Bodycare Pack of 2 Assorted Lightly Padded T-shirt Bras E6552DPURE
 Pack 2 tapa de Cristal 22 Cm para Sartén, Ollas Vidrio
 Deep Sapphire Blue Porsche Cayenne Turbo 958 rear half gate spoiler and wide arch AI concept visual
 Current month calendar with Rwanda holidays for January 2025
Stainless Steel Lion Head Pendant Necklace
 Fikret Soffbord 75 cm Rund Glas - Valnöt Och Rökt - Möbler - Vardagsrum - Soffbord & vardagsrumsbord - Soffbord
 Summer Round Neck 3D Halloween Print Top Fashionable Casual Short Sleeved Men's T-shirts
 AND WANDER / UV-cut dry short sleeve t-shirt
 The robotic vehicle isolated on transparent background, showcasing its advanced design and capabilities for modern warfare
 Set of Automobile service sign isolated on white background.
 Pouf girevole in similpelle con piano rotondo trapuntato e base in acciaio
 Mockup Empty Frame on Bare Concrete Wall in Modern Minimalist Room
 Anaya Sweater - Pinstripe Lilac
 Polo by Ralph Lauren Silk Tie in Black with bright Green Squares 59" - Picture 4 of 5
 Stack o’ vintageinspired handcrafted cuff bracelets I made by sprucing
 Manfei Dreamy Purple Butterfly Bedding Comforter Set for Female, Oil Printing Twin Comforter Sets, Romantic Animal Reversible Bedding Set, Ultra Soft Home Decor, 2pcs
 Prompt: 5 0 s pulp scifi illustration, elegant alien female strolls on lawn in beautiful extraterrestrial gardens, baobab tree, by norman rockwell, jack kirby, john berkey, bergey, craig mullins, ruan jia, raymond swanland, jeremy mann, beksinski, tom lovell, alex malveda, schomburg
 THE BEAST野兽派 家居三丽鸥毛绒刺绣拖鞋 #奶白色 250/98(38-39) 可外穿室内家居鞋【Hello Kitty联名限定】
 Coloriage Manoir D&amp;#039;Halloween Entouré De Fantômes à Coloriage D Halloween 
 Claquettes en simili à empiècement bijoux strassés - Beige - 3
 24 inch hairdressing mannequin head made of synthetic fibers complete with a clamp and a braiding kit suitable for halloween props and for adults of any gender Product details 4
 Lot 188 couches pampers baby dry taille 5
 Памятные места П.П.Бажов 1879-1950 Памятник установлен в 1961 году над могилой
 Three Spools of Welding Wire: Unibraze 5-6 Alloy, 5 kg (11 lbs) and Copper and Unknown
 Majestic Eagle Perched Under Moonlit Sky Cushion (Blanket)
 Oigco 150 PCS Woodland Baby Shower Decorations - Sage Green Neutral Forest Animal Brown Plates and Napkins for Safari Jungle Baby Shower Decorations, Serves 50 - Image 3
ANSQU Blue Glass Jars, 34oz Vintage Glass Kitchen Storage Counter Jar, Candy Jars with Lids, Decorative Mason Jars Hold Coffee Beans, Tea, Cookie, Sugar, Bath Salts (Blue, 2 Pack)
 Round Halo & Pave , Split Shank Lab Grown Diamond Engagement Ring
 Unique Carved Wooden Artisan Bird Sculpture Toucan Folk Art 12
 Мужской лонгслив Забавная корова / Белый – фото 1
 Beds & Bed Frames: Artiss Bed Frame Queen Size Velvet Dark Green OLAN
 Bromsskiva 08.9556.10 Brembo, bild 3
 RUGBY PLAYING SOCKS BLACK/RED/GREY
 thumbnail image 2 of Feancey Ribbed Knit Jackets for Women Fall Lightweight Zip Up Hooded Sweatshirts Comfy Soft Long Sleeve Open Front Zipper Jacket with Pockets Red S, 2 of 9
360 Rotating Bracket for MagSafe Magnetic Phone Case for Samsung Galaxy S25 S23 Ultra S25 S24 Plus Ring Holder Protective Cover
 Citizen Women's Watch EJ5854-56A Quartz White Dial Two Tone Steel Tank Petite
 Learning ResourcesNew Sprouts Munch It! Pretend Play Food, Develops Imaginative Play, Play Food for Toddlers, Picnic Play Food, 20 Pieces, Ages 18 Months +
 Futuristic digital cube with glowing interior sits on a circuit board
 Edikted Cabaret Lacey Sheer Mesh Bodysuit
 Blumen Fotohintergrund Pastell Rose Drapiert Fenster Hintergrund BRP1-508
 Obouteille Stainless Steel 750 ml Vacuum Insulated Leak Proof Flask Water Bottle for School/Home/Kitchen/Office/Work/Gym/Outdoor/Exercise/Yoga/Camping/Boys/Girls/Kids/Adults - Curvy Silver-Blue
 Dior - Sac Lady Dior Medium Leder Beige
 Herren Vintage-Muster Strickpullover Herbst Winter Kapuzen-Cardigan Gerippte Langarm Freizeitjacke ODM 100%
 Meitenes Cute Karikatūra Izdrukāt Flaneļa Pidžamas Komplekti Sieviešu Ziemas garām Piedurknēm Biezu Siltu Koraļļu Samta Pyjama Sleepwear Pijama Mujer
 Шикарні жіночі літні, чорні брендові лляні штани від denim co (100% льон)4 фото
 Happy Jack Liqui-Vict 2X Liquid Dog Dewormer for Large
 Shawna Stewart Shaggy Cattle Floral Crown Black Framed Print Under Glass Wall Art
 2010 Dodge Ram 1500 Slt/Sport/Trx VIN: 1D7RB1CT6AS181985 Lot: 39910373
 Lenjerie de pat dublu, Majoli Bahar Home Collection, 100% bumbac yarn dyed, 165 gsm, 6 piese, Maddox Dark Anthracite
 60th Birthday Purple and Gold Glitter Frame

++++

**TASK TO CARRY OUT**: In the entries, find every line holding "фото" and copy it.

**EXERCISE SOLUTION**:
 Мужской лонгслив Забавная корова / Белый – фото 1
 Шикарні жіночі літні, чорні брендові лляні штани від denim co (100% льон)4 фото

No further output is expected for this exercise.